Again, around the 32 minutes mark.
SQL> analyze table a compute statistics
Table analyzed.
Elapsed: 00:01:53.54
SQL> with collision as
(select hsh, count(*)
from a
group by
hsh having count(*) > 1
)
select count(hsh) collisions, round((count(hsh)/10000000)*100,2) as pct_collisions
from collision
COLLISIONS PCT_COLLISIONS
---------- --------------
0 0
1 row selected.
And again zero collisions.
Let’s tidy up.
SQL> drop table a
Table dropped.
The Oracle 11g database I'm using is shared by other developers, so I ran these tests three times during the day to obtain an average time for each load. The averages were pretty much identical to the timings published above.

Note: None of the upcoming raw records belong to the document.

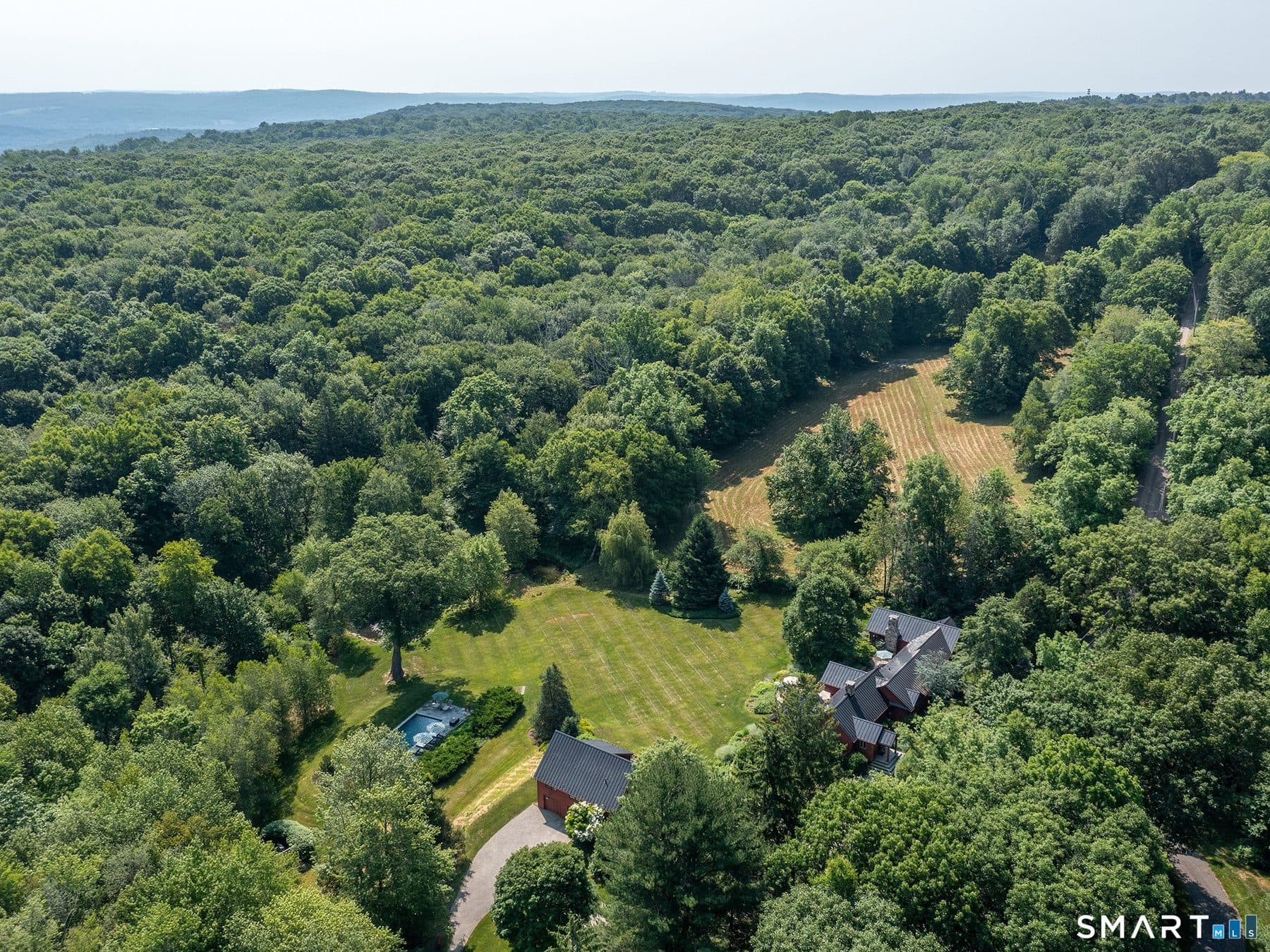 35 Schoolhouse Road — photo 4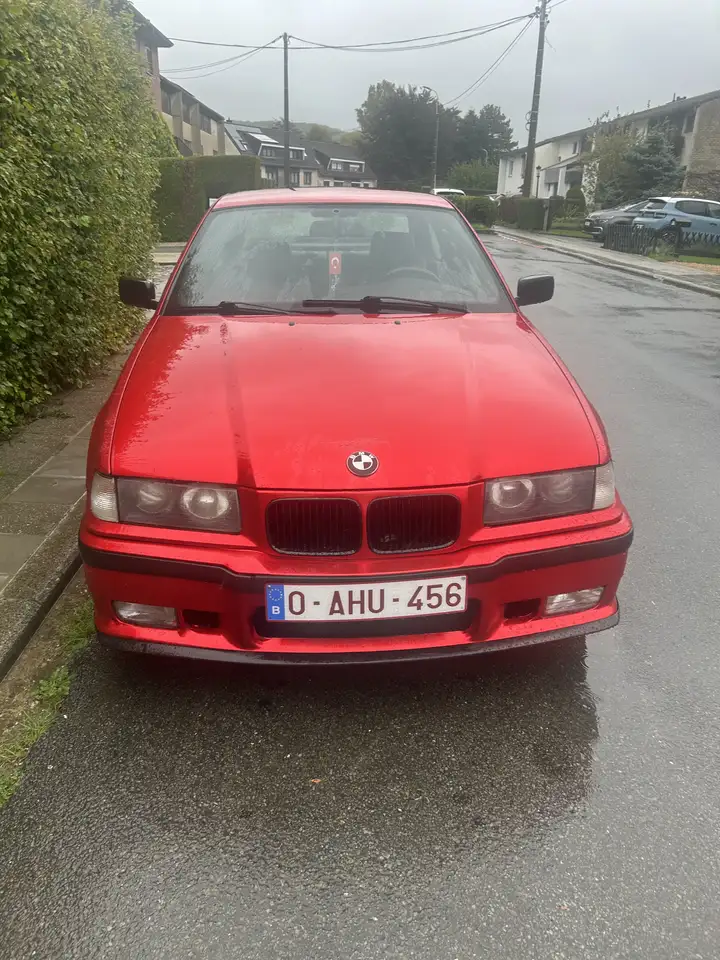 BMW 318i, foto 5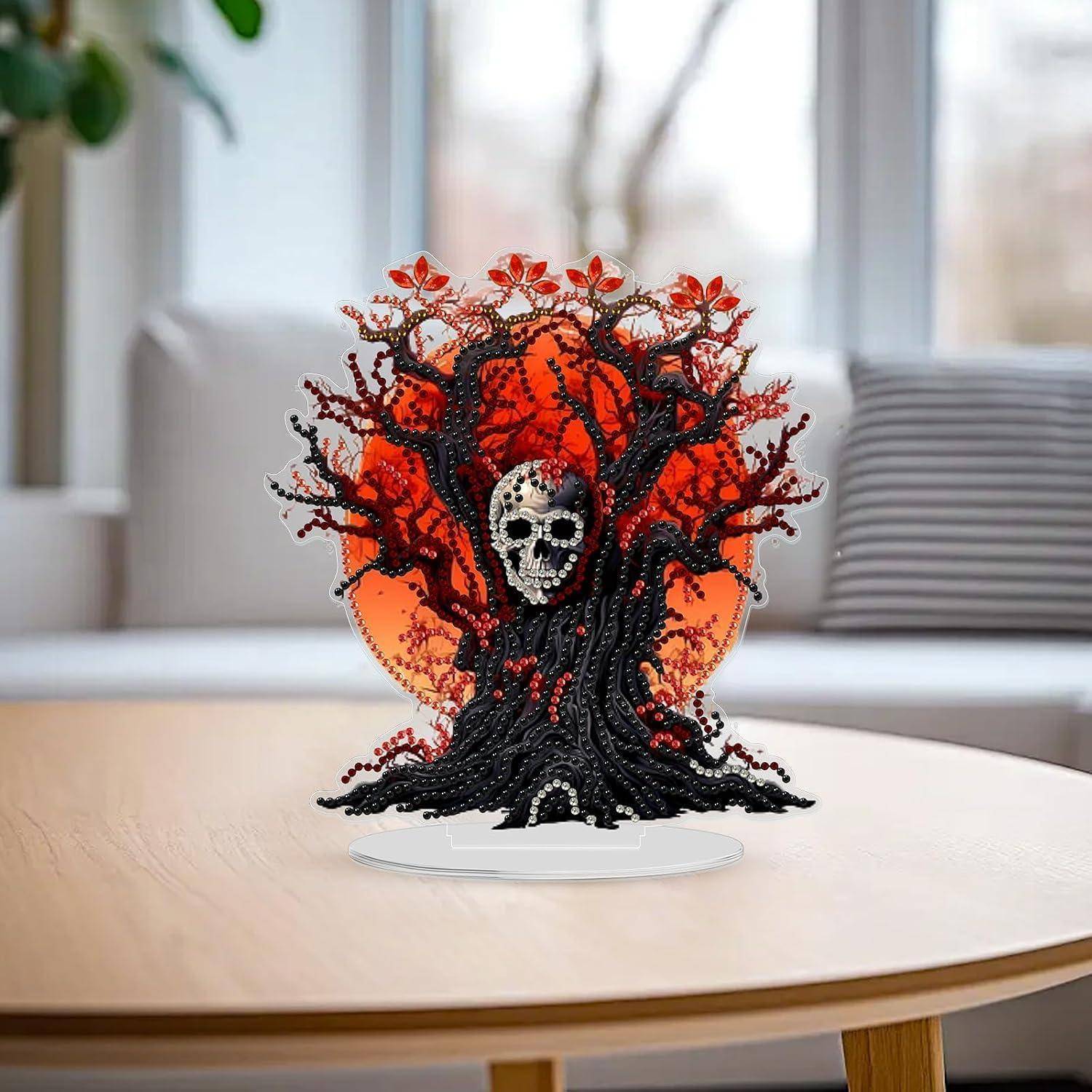Dekorative Totenschädel-Skulptur aus Perlen in Form eines dunklen Baumes mit roten Blättern, auf einem Tisch in einem hellen Raum ausgestellt.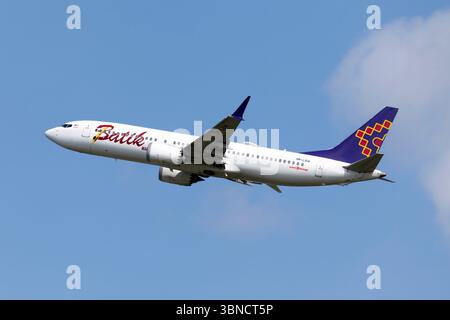 Eine Batik Air Malaysia Boeing 737-800 MAX startet vom Flughafen Denpasar Bali Ngurah Rai. Batik Air ist eine malaysische Billigfluggesellschaft mit Hauptdrehkreuz in Kuala Lumpur und Subang. Batik Air Flotte sechs Airbus 330 und sechsundvierzig Boeing 737 Flugzeuge. Batik Air wird unter der Lion Air Group betrieben, zu der auch Super Air Jet, Lion Air, Wings Air, Biz Jet und Thai Lion Air gehören. Stockfoto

DBMS_OBFUSCATION_TOOLKIT and DBMS_CRYPTO are far less likely to produce hashing collisions. DBMS_OBFUSCATION_TOOLKIT is no longer supported in 11gR2 so should be avoided for this reason. Both packages have a cost to performance. You need to weigh up what’s more important, fast inserts with greater chance of failure or slower inserts with a more robust hashing method. Personally, I would choose the slower option and go with the SHA-1 cryptographic hash algorithm in DBMS_CRYPTO as it’s the least likely to ever experience collisions. Remember it far easier to avoid collisions than it is to fix them.
In Oracle 12c a new hashing function has been introduced called STANDARD_HASH, which is meant to be as collision resistant as DBMS_CRYPTO but with improved performance. I’ll be putting this new function to the test in a future blog.